- Work task: Each line from the one containing "360 degree animation" through the last line of the records is to be repeated exactly, with all pictures left out.

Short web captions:
BEGIN

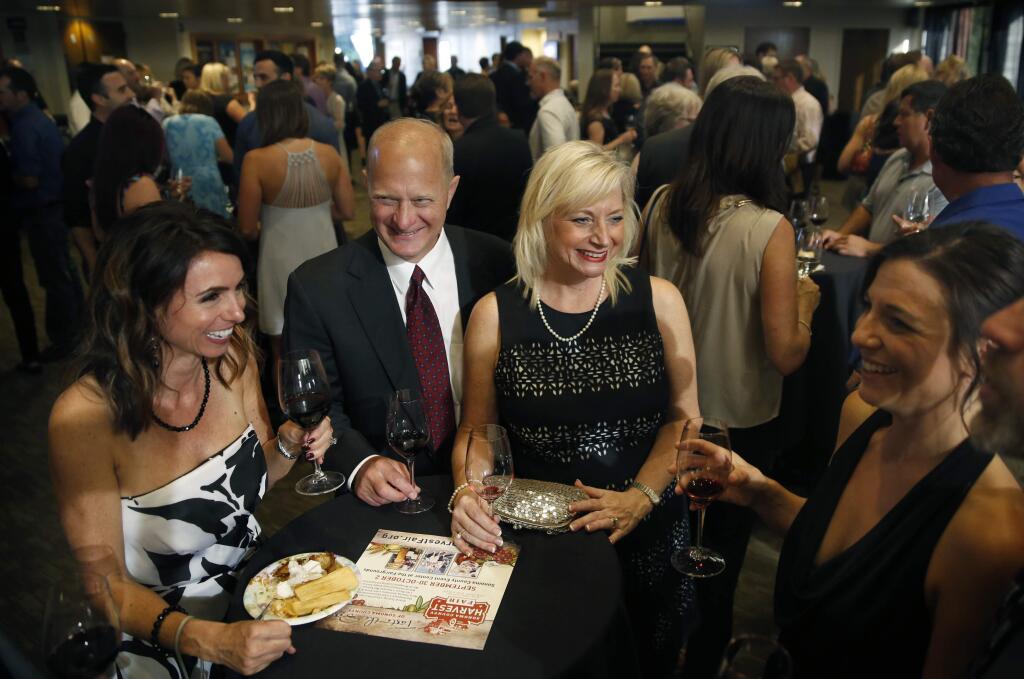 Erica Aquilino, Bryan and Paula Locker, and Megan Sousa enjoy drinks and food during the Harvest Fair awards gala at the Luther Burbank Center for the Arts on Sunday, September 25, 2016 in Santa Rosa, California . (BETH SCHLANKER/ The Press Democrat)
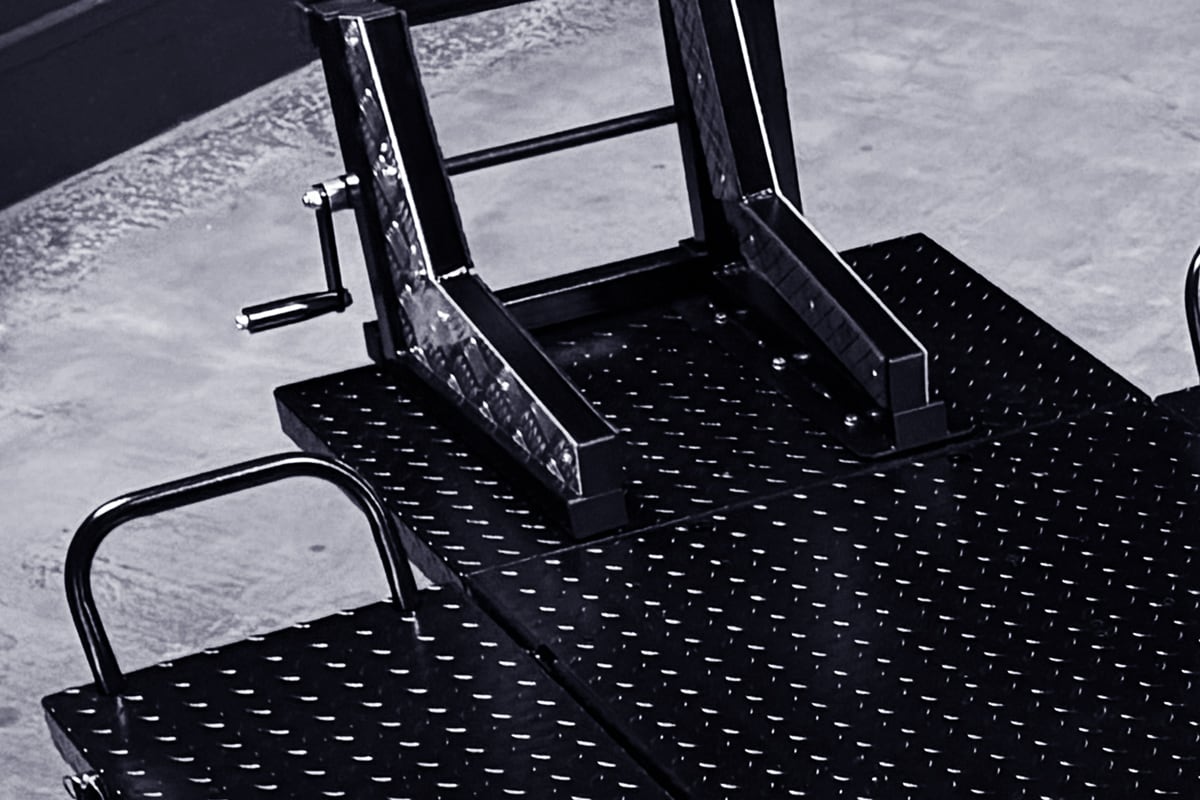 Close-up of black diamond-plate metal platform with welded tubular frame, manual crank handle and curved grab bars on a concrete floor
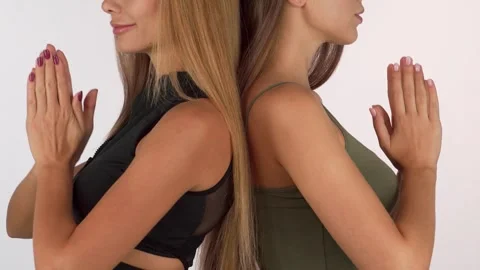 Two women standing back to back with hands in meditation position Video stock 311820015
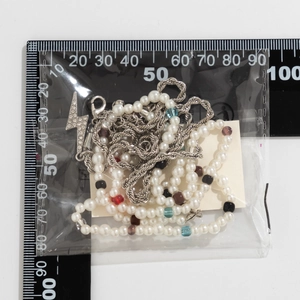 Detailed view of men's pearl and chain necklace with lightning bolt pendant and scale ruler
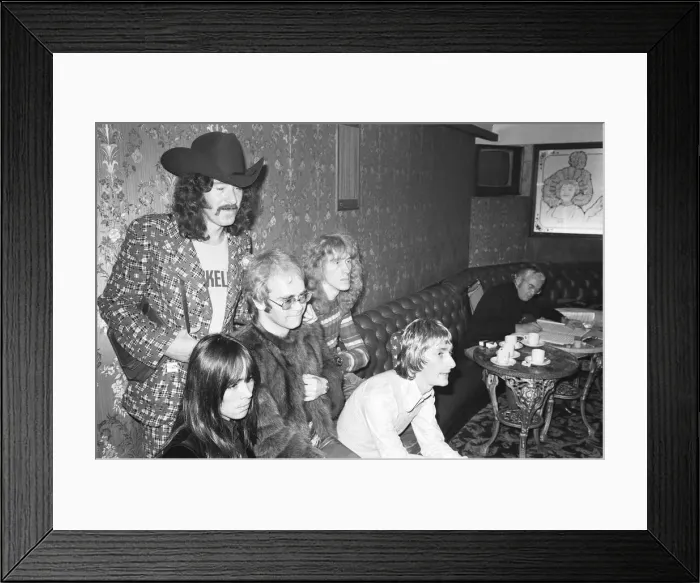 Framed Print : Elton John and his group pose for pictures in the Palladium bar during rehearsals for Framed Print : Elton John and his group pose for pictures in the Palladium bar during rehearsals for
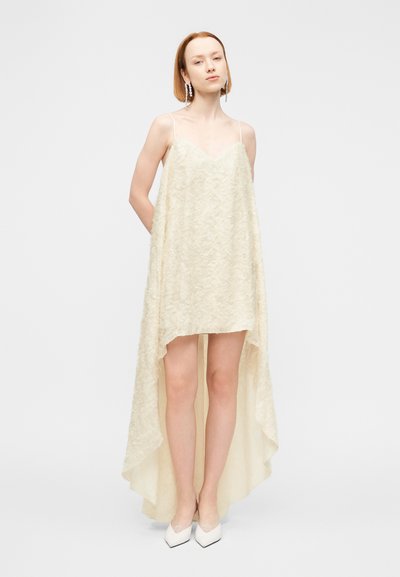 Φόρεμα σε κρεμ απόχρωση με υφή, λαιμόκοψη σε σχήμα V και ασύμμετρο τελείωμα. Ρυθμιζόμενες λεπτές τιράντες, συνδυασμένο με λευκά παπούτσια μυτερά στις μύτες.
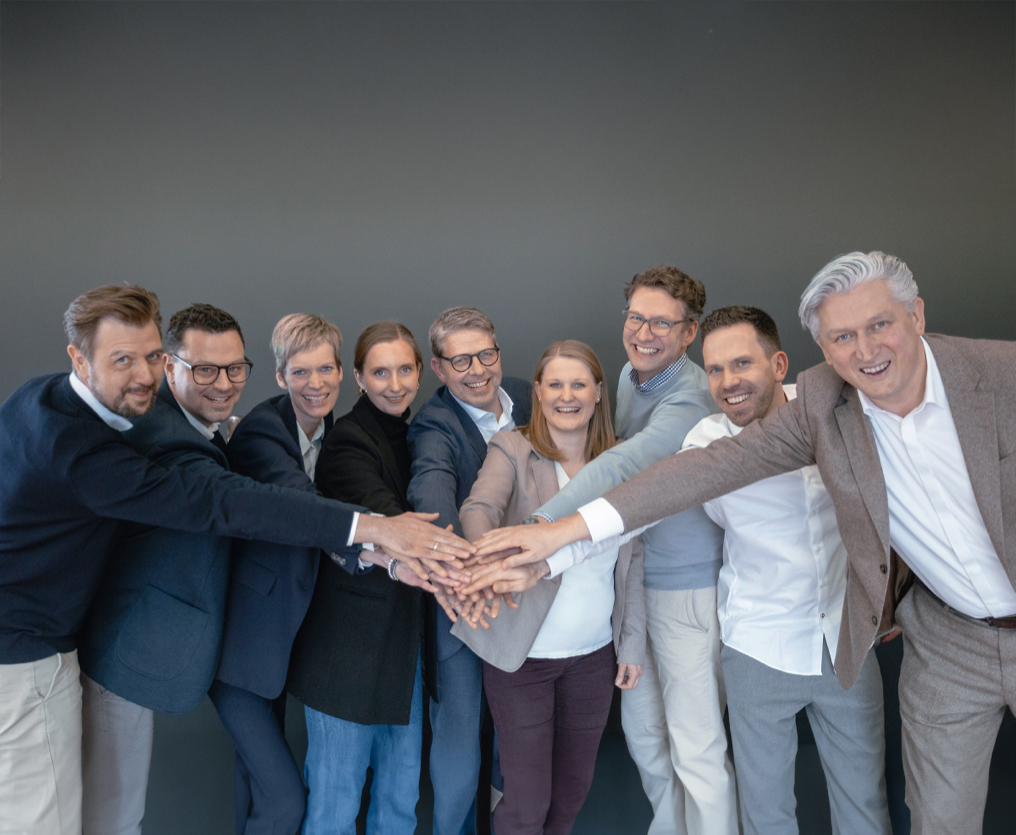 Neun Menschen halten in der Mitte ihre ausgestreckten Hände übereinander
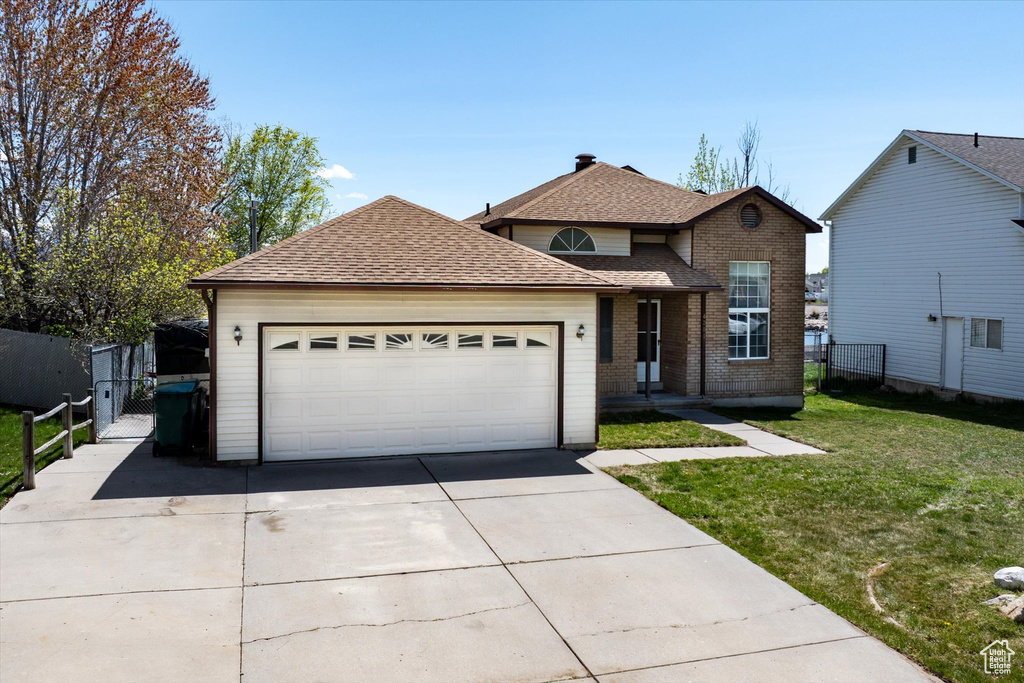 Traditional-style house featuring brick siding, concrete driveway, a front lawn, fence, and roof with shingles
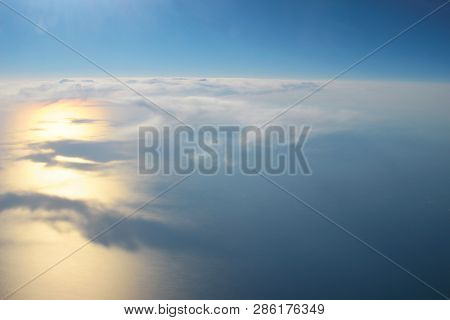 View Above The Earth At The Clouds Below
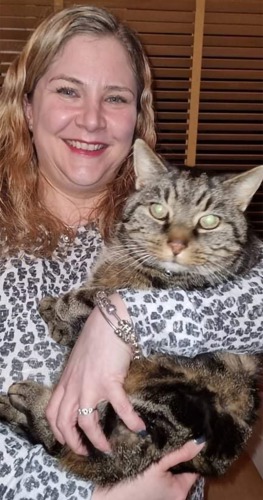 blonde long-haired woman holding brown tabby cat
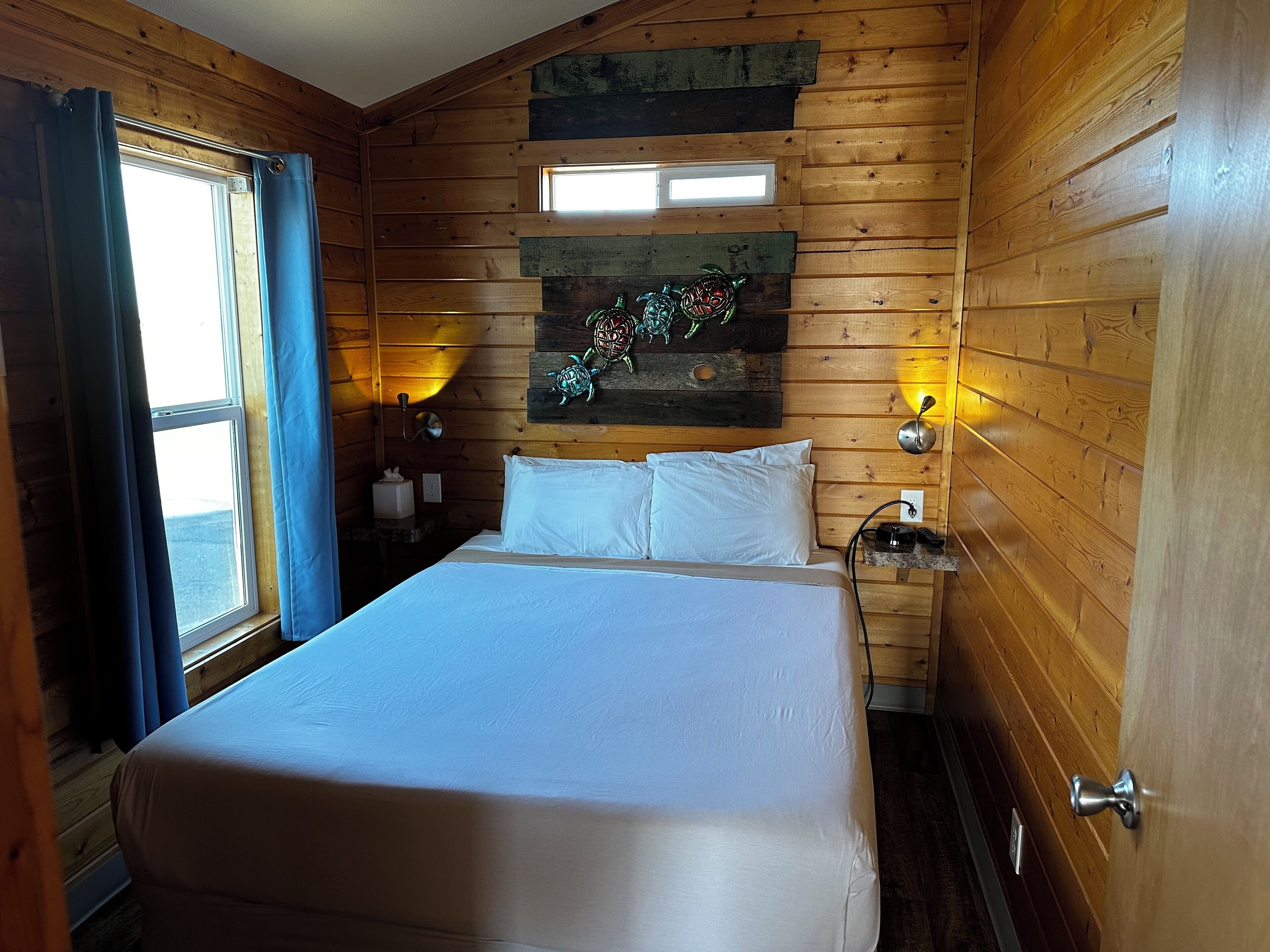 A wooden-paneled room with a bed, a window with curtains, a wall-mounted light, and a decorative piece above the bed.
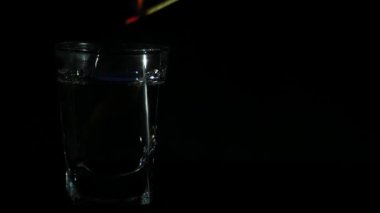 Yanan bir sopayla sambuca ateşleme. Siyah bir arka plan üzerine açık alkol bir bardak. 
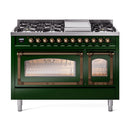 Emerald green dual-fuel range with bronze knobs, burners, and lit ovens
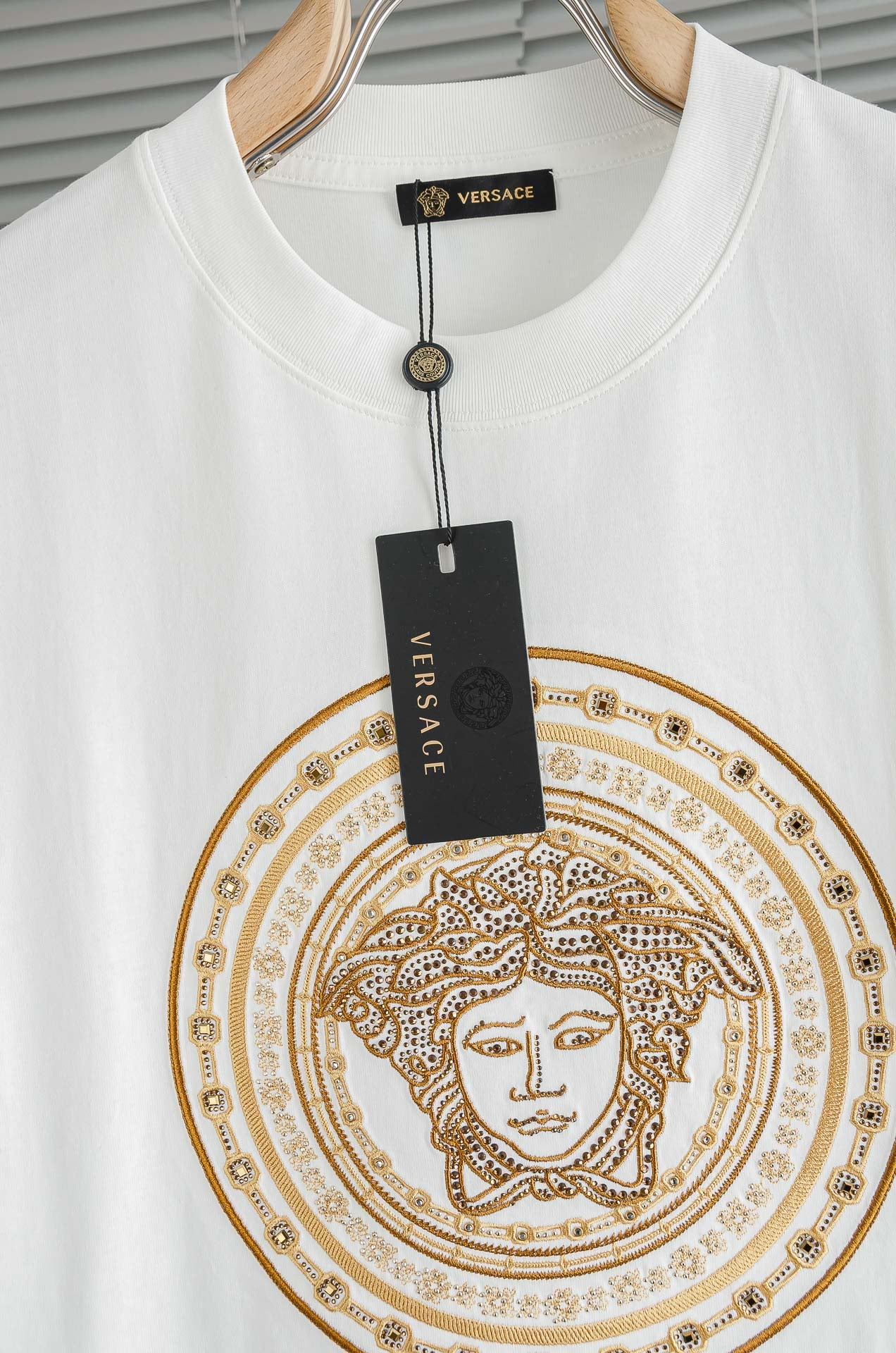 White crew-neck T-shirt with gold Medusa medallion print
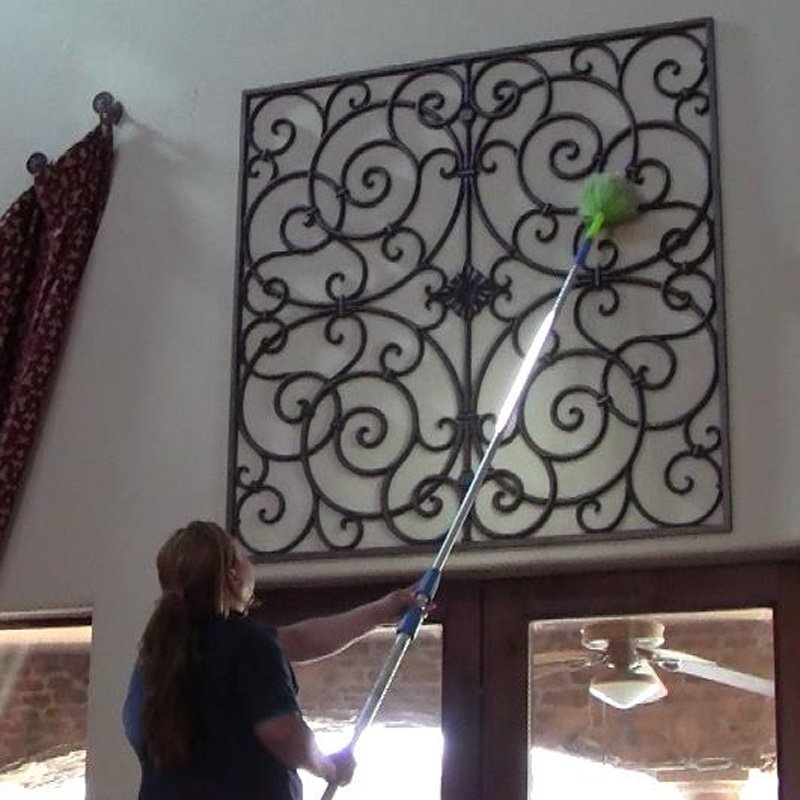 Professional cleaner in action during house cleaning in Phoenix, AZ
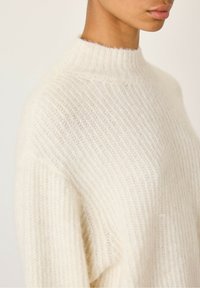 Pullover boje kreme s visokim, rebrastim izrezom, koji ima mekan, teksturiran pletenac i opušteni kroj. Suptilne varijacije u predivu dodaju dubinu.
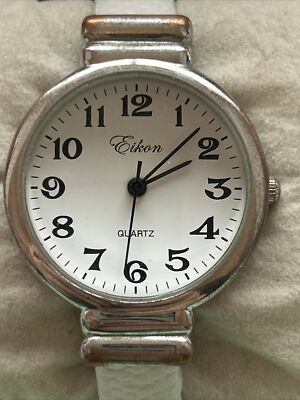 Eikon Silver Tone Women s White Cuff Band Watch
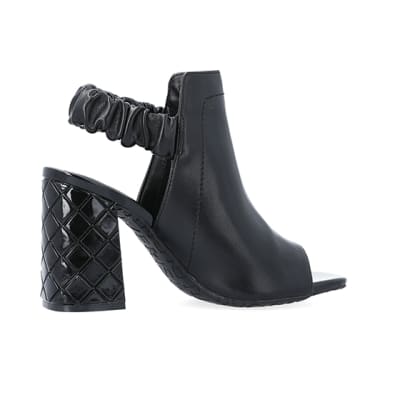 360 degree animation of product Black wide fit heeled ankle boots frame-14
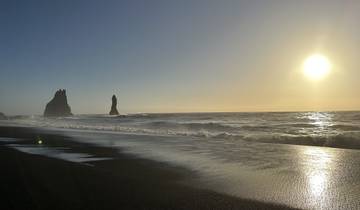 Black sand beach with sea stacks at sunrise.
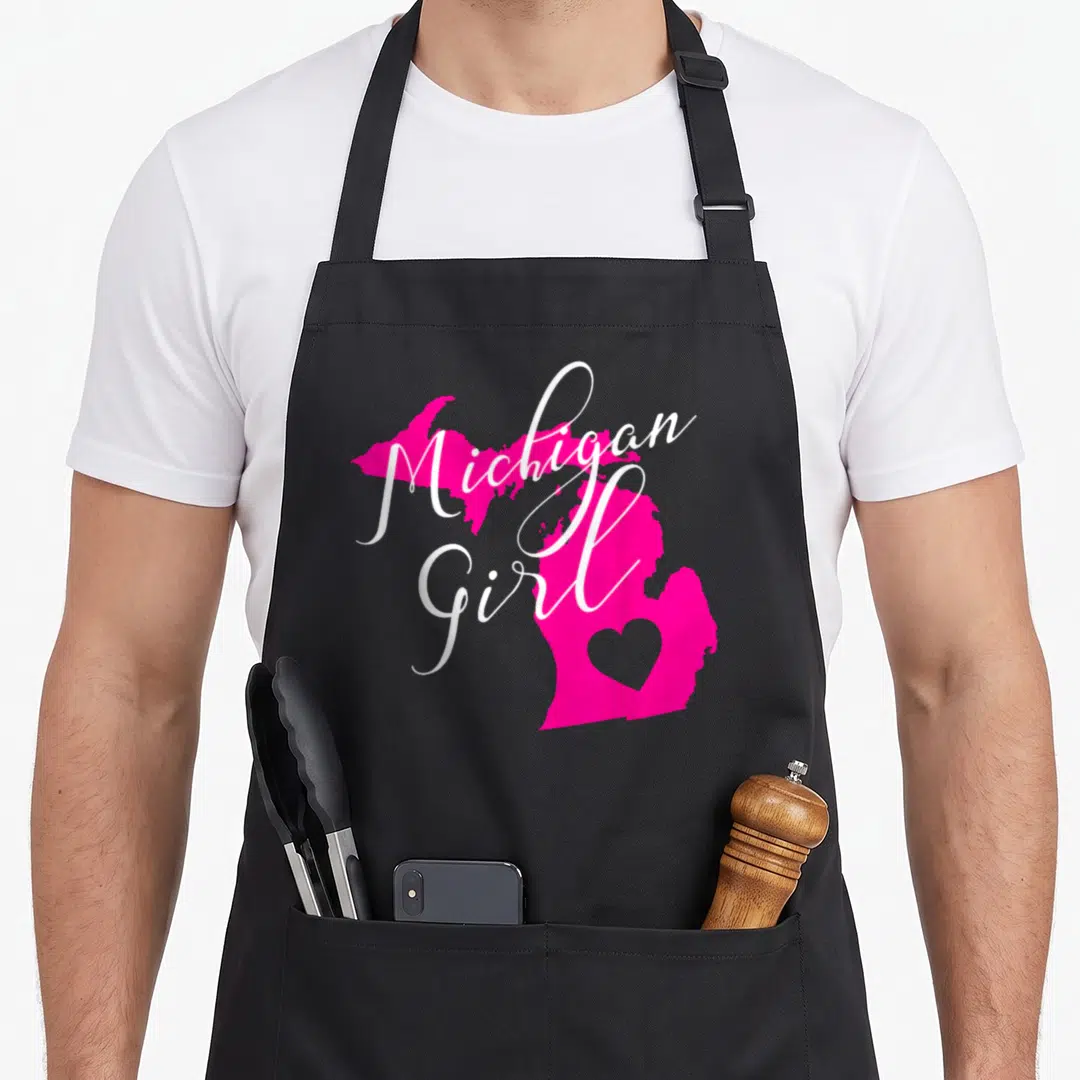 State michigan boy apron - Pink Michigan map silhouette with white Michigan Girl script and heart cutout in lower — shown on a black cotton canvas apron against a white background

END

- Your response:
 360 degree animation of product Black wide fit heeled ankle boots frame-14
 Black sand beach with sea stacks at sunrise.
 State michigan boy apron - Pink Michigan map silhouette with white Michigan Girl script and heart cutout in lower — shown on a black cotton canvas apron against a white background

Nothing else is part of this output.